27.5.10

O réptil

Em fim de ciclo, o treinador de futebol está sozinho na selva e é o primeiro a ouvir barulho da cobra no mato, a arrastar o fim.
Hoje o estádio está cheio, os jogadores está a marcar muitos golos, o futebol que a equipa tem para apresentar podia até ser vendido em pequenos frascos como um perfume. O barulho nas bancadas tem o cheiro da vitória. Estão todos surdos no estádio, menos um. No clube em que está, o treinador sabe que quanto mais longe do primeiro lugar, mais perto da porta de saída. Mais perto da selva.

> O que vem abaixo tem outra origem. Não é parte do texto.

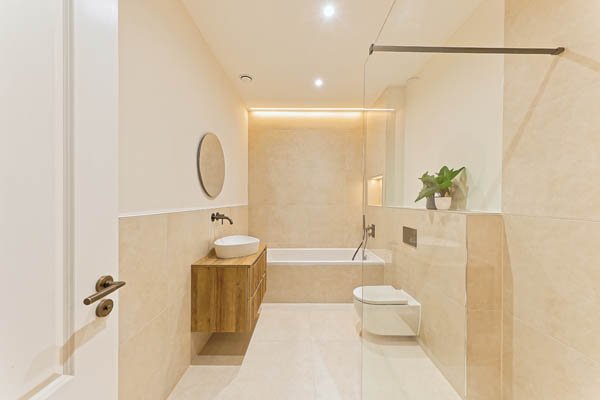wcm tunbridge project bathroom area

Num passe mais largo rente ao chão, o som do couro da bola a cortar a relva entra nos ouvidos no treinador como o tal barulho da cobra prestes a engolir um homem inteiro. O animal que o devora, não o devora sem antes lhe deixar as pistas todas sobre a evolução da relações humanas. Os répteis não sobrevivem sem a renovação dos tecidos. Não crescem sem a mudança total e recorrente de pele. Uma pele velha que tenha resistido à substituição pode fazer apodrecer os novos tecidos ou pode causar necroses. Elementar meu caro treinador de futebol.
Nesta fase de peles em trânsito, a nova que está para chegar, mas que só chegará saudável se tiver havido a remoção total da anteriro, nesta fase a ciência aconselha: nada de stress e cuidados com parasitas externos.
Um clube de futebol sobrevive no jogo da imitação dos répteis. O treinador é a pele. A essa, já vimos o que acontece de tempos a tempos.